▶ **What the task requires**: A verbatim reproduction of the lines below, from the line containing "So that's all" through the line containing "Now, as far", both ends included, is the whole required output.

▶ **Material supplied**:
★ ★ ★ ★

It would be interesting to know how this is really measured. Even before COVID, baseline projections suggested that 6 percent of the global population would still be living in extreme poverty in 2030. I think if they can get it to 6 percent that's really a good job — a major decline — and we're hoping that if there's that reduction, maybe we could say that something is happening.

★ ★ ★ ★

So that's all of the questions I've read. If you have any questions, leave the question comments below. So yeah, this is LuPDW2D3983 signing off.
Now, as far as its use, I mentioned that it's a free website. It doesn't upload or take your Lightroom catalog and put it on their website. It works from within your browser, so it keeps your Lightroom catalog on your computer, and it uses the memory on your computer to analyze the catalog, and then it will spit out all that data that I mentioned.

★ ★ ★ ★

▶ **Result for this exercise**:
So that's all of the questions I've read. If you have any questions, leave the question comments below. So yeah, this is LuPDW2D3983 signing off.
Now, as far as its use, I mentioned that it's a free website. It doesn't upload or take your Lightroom catalog and put it on their website. It works from within your browser, so it keeps your Lightroom catalog on your computer, and it uses the memory on your computer to analyze the catalog, and then it will spit out all that data that I mentioned.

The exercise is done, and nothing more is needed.